Leo a Steiner. Lo leo “como si” o no lo leo. Acepto su persecución de Dios a sabiendas de que, sin ella, el libro deslumbraría igualmente. Acepto la presencia o la ausencia reales que están implícitas en mi lectura. Puedo imprimir a mi fruición del texto un carácter narrativo, poético, mitológico o musical. Puedo disfrutar de los detalles sin atender a la totalidad o atender a la totalidad prescindiendo de los detalles.
Puedo hacer todo eso. Todo menos leer sin más.
Puedo leer su pura “forma externa”, la belleza de su estilo. No puedo olvidar (sería descortesía y falta de responsabilidad) que su forma es el producto de una pregunta sobre el ser. Una pregunta que ha engendrado el texto y en cuyo planteamiento late el abismo de su comprensión. Steiner teme las consecuencias de la actual incapacidad de Atlas para sustener el mundo, el divorcio salvaje entre la palabra y la vida. Pero sospecho que sabe muy bien que eso no hace sino obligarnos a “penetrar más adentro en la espesura”.
Porque Steiner realmente no reclama a Dios (lo que podría parecer que hace), lo que reclama es el punto final que garantizaba la capacidad de la obra de arte para ser paráfrasis de una respuesta en cuya imposibilidad radica su dignidad. Lo que preocupa a Steiner, en definitiva, no es que llegado el final previsto para este quodlibeto la palabra «Dios» no sea menos desconstruible que cualquier otra, sino que no haya implícita supervivencia alguna del significado de la palabra hombre. Un miedo justificado si analizamos lo que parece ser el actual posicionamiento frente al significado: o inútil añoranza de sentido, o negación abierta a lo que se supone definitivamente sospechoso, hostil. El autor, el lector, parecen no confiar ya en una inteligencia totalizadora que pueda “dar fe” de su mutua pertinencia. Pero esa inteligencia, definida como la habilidad para sortear lo fatal, para obtener aquello que sin ella quedaría en manos de la casualidad o de la fuerza bruta, comenzó allí donde fuimos, hace un millón años, conscientes de nuestra muerte.

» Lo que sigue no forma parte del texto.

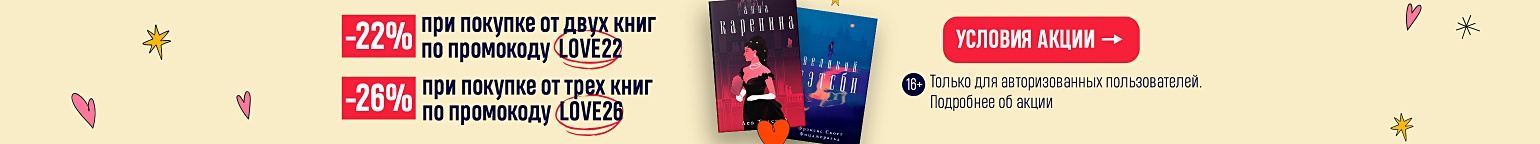 Любовь вне времени. Скидки до 26%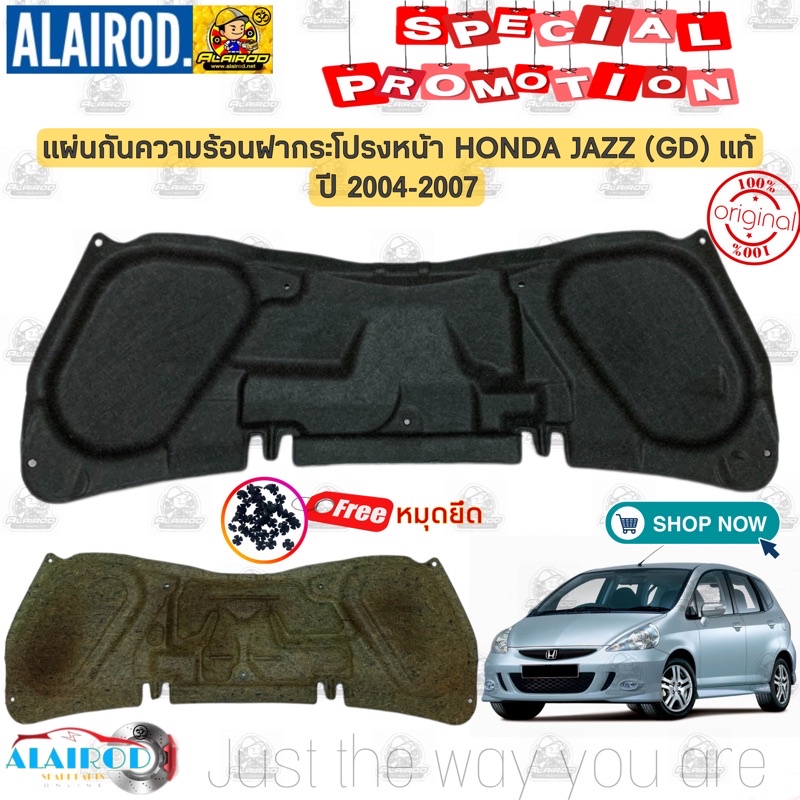 แผ่นกันความร้อน-ฝากระโปรงหน้า-แถม-หมุดยึด-honda-jazz-gd-ปี-2004-2007-แท้-แผ่นกันร้อน-ฝากระโปรง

Lo que me lleva dos conclusiones: que un paso más no es tan necesario como Steiner presupone, y que es la negación de la muerte lo que, en última instancia, nos ha conducido a este postmoderno y preocupante vaciamiento de sentido.
Y espero que eso siga siendo así: una preocupación. Cuando deje de serlo, y está dejando de serlo, la cultura ya no sabrá decirnos de qué están hablando la poesía, la música o la pintura en el momento exacto en que las palabras fracasan, pues no hallará en nosotros nada que pueda ser sin nosotros. La cultura, entonces, se limitará a sumar cifras de audiencia. La cultura, entonces, habrá confundido definitivamente mirar con ver, escuchar con oir.
Lo dijo Gamoneda: «Había una verdad, no se me olvide».